It was completely right from the beginning, like falling in love. But it took me a long time to trust. It was easier to say that I had doubts than to admit I had none. This congregation, like the Pope, was very serious about prayer--in their own way, with a different kind of choreography. They prayed like Mrs. B played the piano, with their entire bodies, with clapping and rabbis pounding on the bima, anathema to my usual ideas about dignity. I felt both silly and liberated around all that earnest, honest emotion. Eventually I got over myself and did it, too.

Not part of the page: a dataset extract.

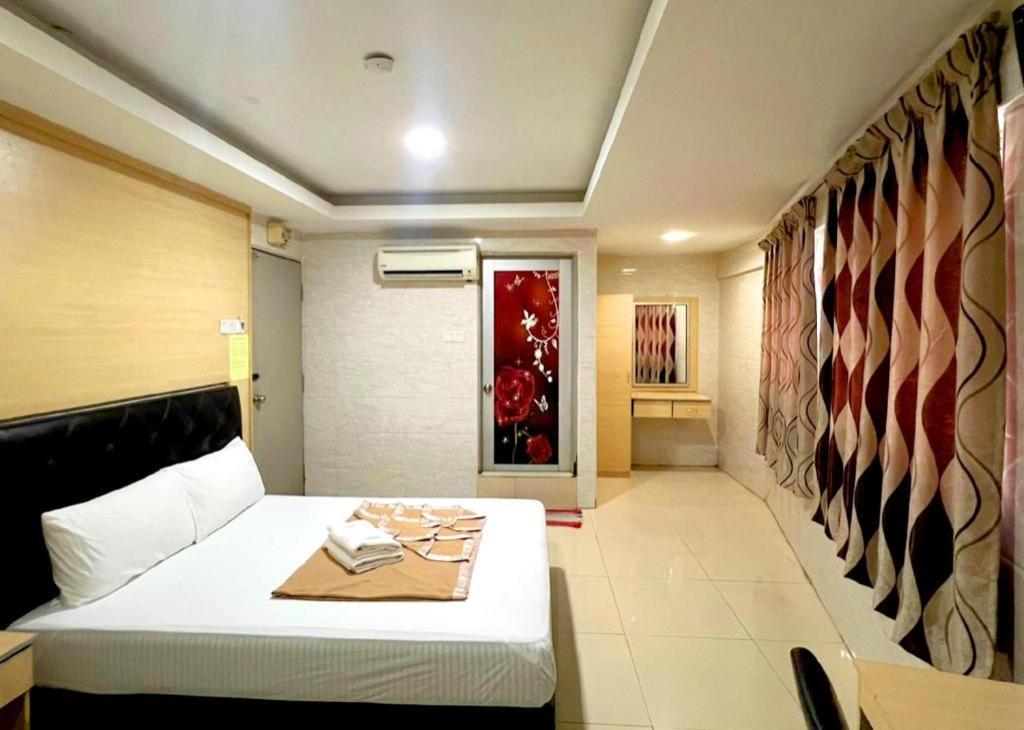Hartamas Business Hotel Kuala Lumpur Ngoại thất bức ảnh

I came here to write about a thought I had while helping lead services two weeks ago. I decided that I finally understood about Shabbat as a glimpse of the world to come, the time when the Messiah will arrive and all things will be peaceful and good. I started writing about a feeling that slipped in and out like mercury as I stood at the bima, like a flash of light too bright to watch for more than a second. And then I read it back and thought--am I nuts? All I did was sing. Overstuffed, hyperbolic language. Get over myself. (I sounded like a surfer for months after the High Holy Days--the only words I could come up with were "awesome" and, sometimes, a little calmer, "overwhelming.")
But I did feel that. I felt everyone praying with me; if my arms had been longer, I might have touched it. I don't yet trust this part, even though I know it's right.